Nymphe et satyre, dit aussi Jupiter et Antiope - Watteau
Analyse
Jupiter métamorphosé en satyre découvre la nudité de la nymphe Antiope endormie. Le linge blanc qui entoure Antiope délimite la scène proprement dite, l'objet de la représentation, par différence avec ce qui pointe vers cet objet, le regard de Jupite-satyre et l'écrin du paysage. Jupiter découvre la nudité d’Antiope par effraction, alors qu’elle est endormie et, de plus, par derrière : il ne fait qu’entrapercevoir ce qui nous est à nous pleinement livré, la nudité, la gorge, la naissance du sexe de la jeune femme. Nous pouvons nous indigner de la lubricité du satyre, tout en jouissant impunément de ce que lui a peine à voir. On retrouve ici le dispositif des Suzannes au bain. L’effraction constitutive de la jouissance esthétique est en quelque sorte moralisée par le dispositif.

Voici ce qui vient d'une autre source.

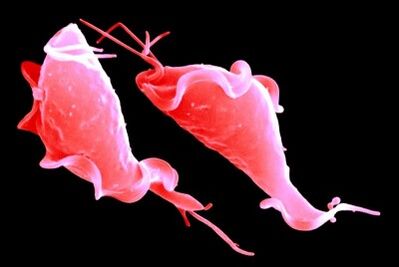 protozoan trichomonas parasites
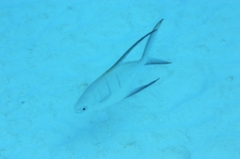 Jacks - Palometa - Trachinotus goodei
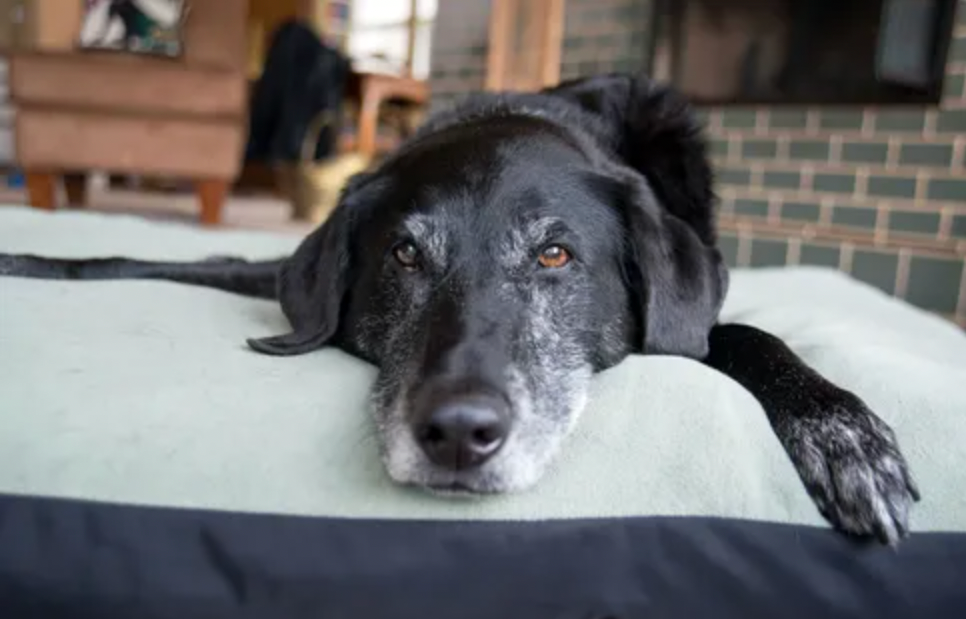 elderly dog laying on pet bed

Le linge d’Antiope, qui délimite le lieu de l'intimité et du sommeil de la nymphe, est redoublé par la forte ligne formée par le bras de Jupiter prolongé par celui de la nymphe endormie, qui entourent plus précisément son sexe, objet de désir du satyre. Ces deux systèmes de délimitation — le linge et les bras — ne se superposent pas exactement et ne montrent pas, ne signifient pas non plus exactement la même chose. On voit bien ainsi comment l’époque hésite entre deux systèmes sémiologiques, l’ancien dispositif d’écran, fondé sur l'effraction et le désir, et le nouveau dispositif sensible, où le secret et l'intime deviennent l'enjeu essentiel.